L'un des lieux de célébration majeurs sera le « village rugby », qui réunira au moins 10 000 personnes dans le centre de chaque grande agglomération accueillant les matchs, plus Paris. La fan zone parisienne sera implantée sur un lieu iconique, la place de la Concorde. Un seul lieu reste en suspens : nous restons en discussion, sans perdre espoir, avec la métropole européenne de Lille pour y trouver une solution.

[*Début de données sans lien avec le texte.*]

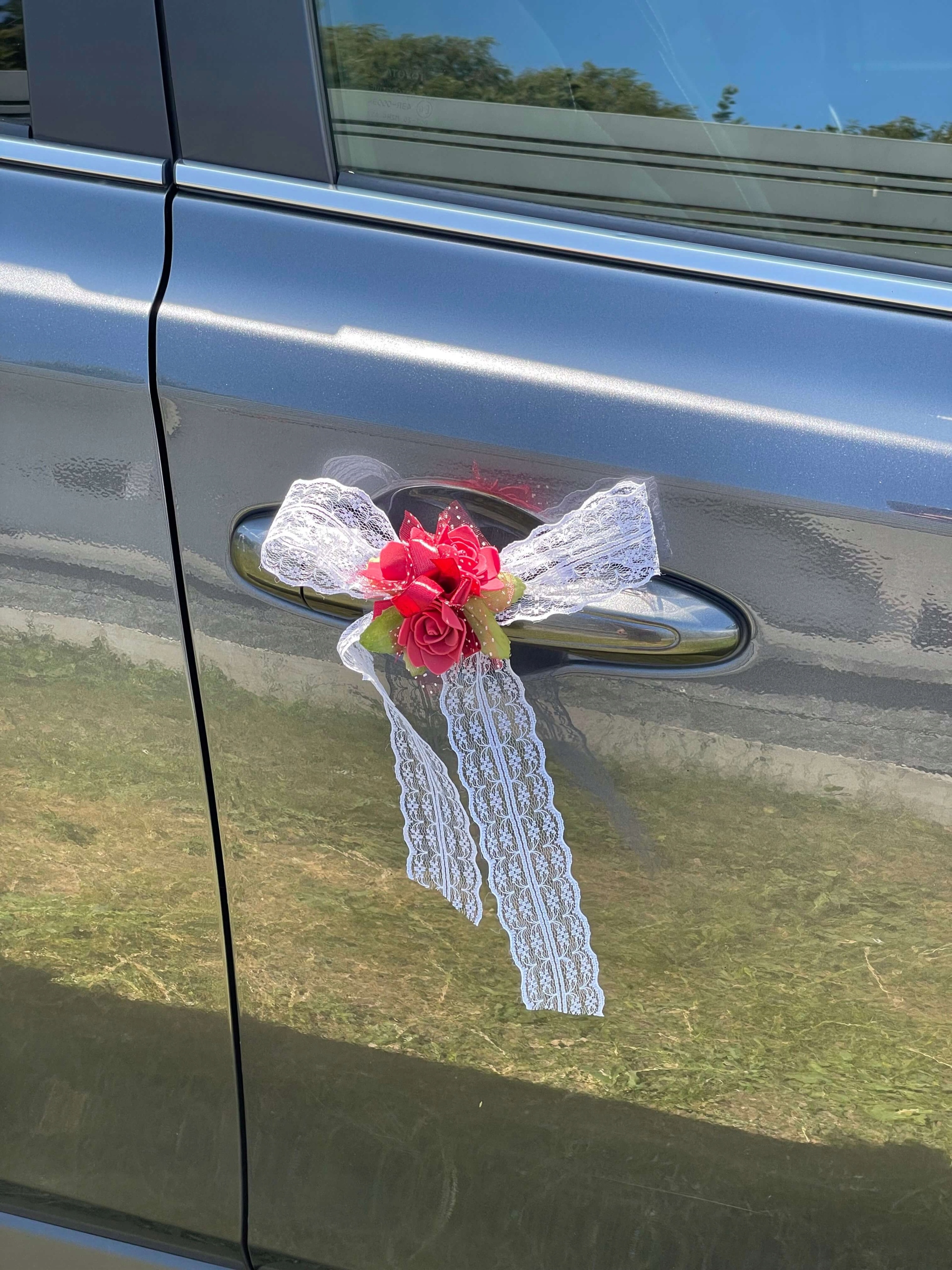 Kokarda dekoracja samochodu / krzeseł ślub czerwony Marka bez marki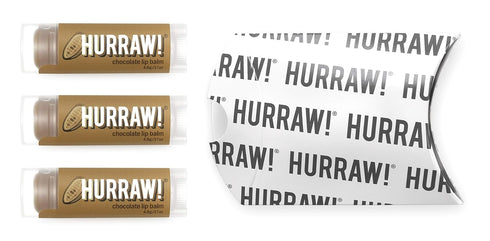 Hurraw! Chocolate Lip Balm, 3 Pack: Organic, Certified Vegan, Cruelty and Gluten Free. Non-GMO, 100% Natural Ingredients. Bee, Shea, Soy and Palm Free. Made in USA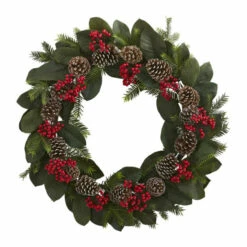 Discount 🥰 Nearly Natural Magnolia Leaf, Berry Pine & Pine Cone Artificial Wreath 😉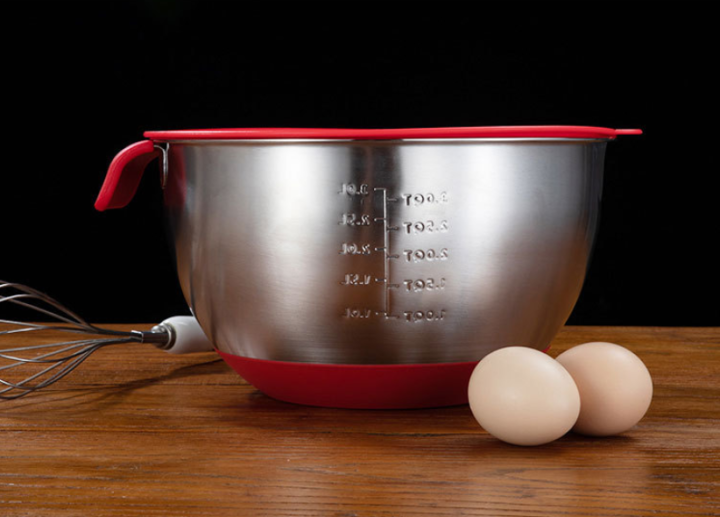 SG ready stock 304 Stainless Steel Mixing bowl with handle antiskid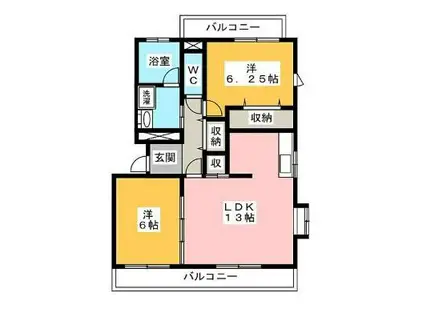 メゾン九区B(2LDK/3階)の間取り写真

En parallèle, pour permettre à toutes les collectivités et à tous les clubs amateurs de célébrer la Coupe du monde sans avoir à entrer dans le carcan de la protection des droits commerciaux, certes moins stricte que pendant les jeux Olympiques, nous avons créé le label Rugby Festival, auxquels pourront adhérer tous les porteurs de projet sans utiliser la marque « Coupe du monde », et qui fédérera toutes les initiatives locales en lien avec l'événement.

Cette coupe du monde doit également avoir un impact positif. Ne nous racontons pas d'histoires : avec 2 500 000 détenteurs de billets venus du monde entier, l'événement générera d'importantes émissions de gaz carbonique - on ne sait pas faire autrement. En revanche, nous avons fait le choix d'investir dans des programmes d'absorption du carbone, en partenariat avec les collectivités locales et avec des partenaires économiques ; c'est une innovation. Nous investissons aussi fortement dans l'économie durable et circulaire, notamment dans la gestion de nos services de restauration au grand public et aux VIP - filières courtes de production, lutte contre le gaspillage alimentaire, recyclage des déchets. Nous avons noué notamment un partenariat avec les banques alimentaires.

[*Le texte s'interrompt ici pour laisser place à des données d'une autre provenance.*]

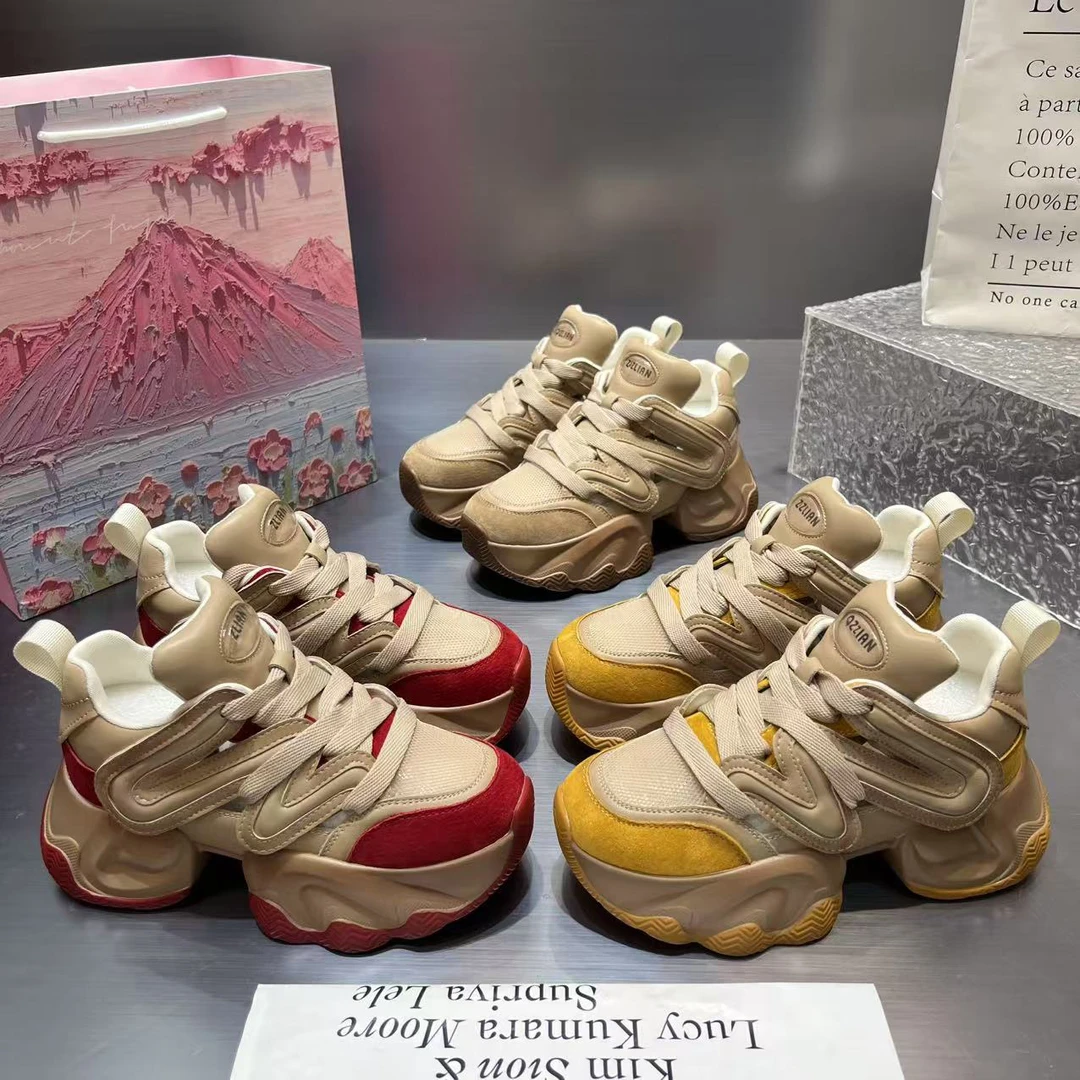 【ZXX/焦糖可可】镂空款欧洲站老爹鞋女2025新款厚底增高鞋百搭鞋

L'autre pilier majeur de notre stratégie RSE concerne l'engagement en faveur de l'éducation, de la formation et de l'emploi : de manière extrêmement innovante, le comité d'organisation a créé, en partenariat avec l'État et les partenaires sociaux, un centre de formation d'apprentis (CFA) d'entreprise, Campus 2023, qui permet la formation de 1 427 jeunes qui seront tous diplômés à la fin de l'année à l'issue d'un programme immersif ; 500 emplois seront pérennisés grâce à des aides de l'Agence nationale du sport (ANS) et au bénéfice d'exploitation de France 2023.

Nous disposons aussi d'un fonds de dotation qui soutient beaucoup d'actions locales et de clubs.